Required work >>
Could you retype the entries below exactly, omitting every picture?

Input data >>
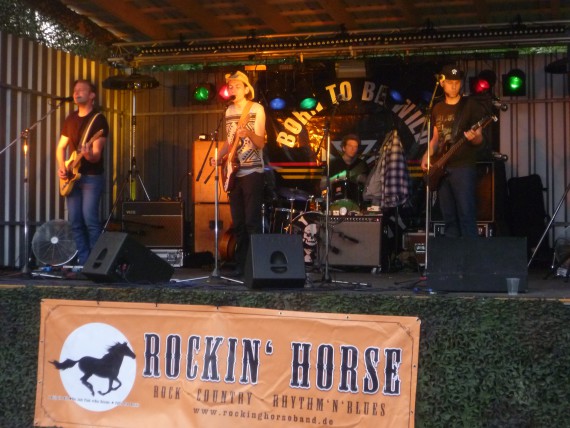 Rockin' Horse machten einen sehr guten Job und überzeugten mich durchaus.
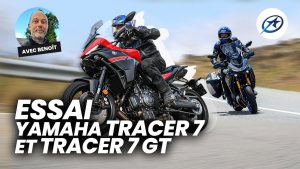 Essai de la Yamaha Tracer 7 : performances et caractéristiques à découvrir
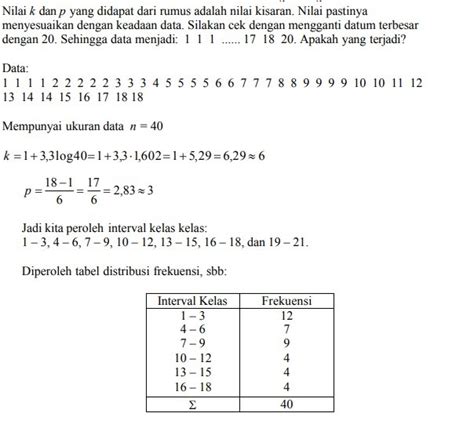Matriks dan Statistika Sederhana untuk Kelas 6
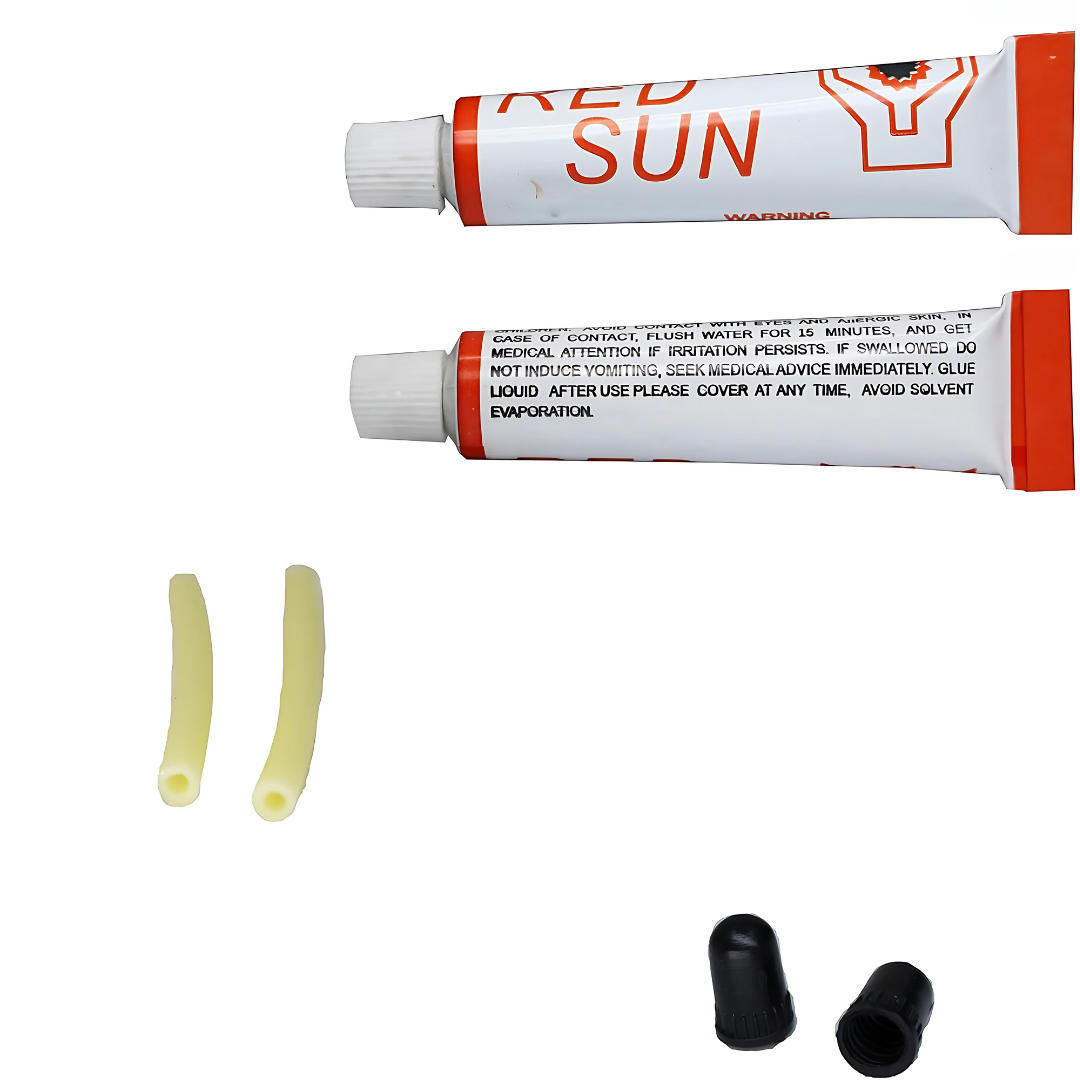 KIT DE REPARACIÓN DE NEUMÁTICOS (Pack*2) – Seguridad y confianza en cada viaje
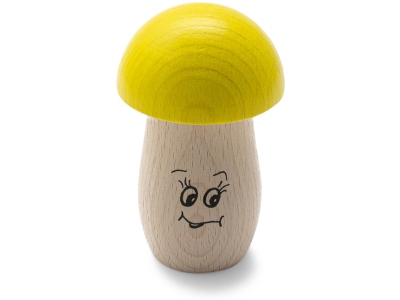 Mushroom Shaker Yellow 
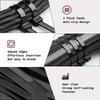 400Pcs Various Sizes Nylon Cable Ties Self-Locking Cord Ties Cable Zip Ties  Cable Organization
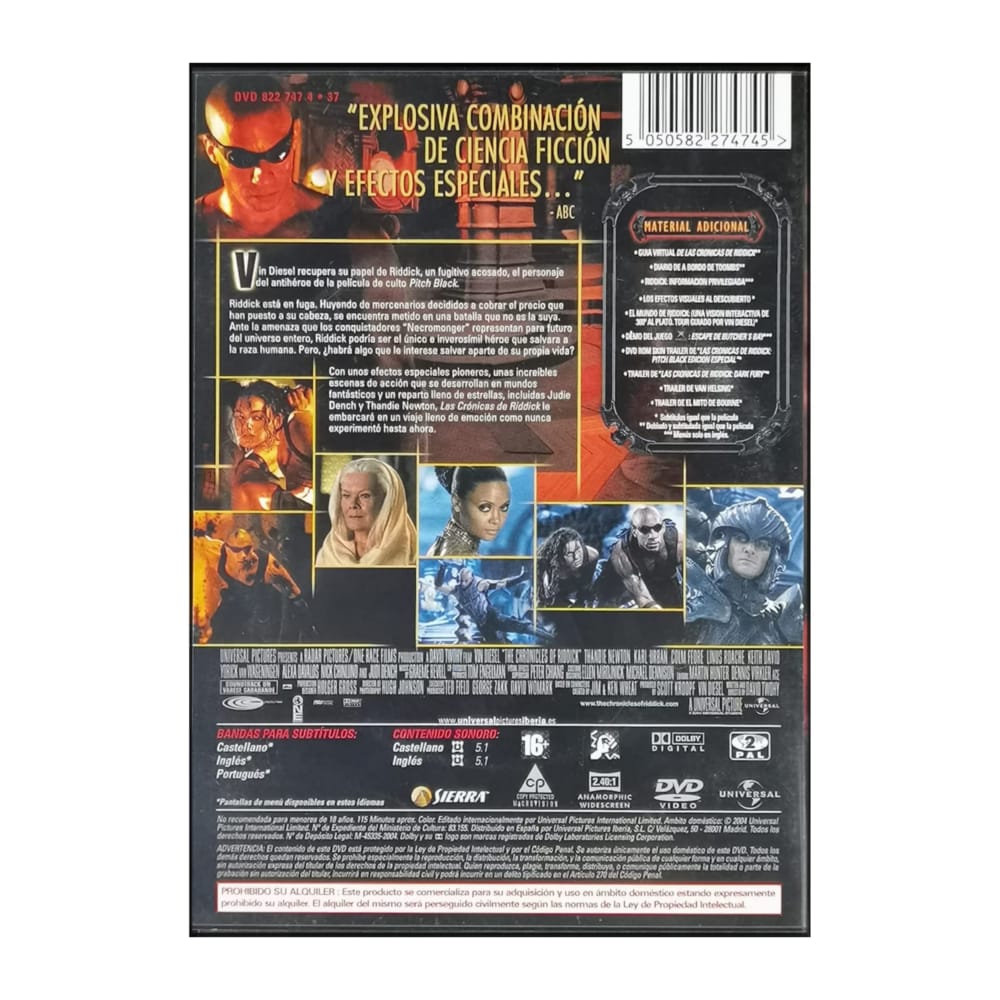 Riddick: The Chronicles Of Riddick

Response area >>
 Rockin' Horse machten einen sehr guten Job und überzeugten mich durchaus.
 Essai de la Yamaha Tracer 7 : performances et caractéristiques à découvrir
Matriks dan Statistika Sederhana untuk Kelas 6
 KIT DE REPARACIÓN DE NEUMÁTICOS (Pack*2) – Seguridad y confianza en cada viaje
 Mushroom Shaker Yellow 
 400Pcs Various Sizes Nylon Cable Ties Self-Locking Cord Ties Cable Zip Ties  Cable Organization
 Riddick: The Chronicles Of Riddick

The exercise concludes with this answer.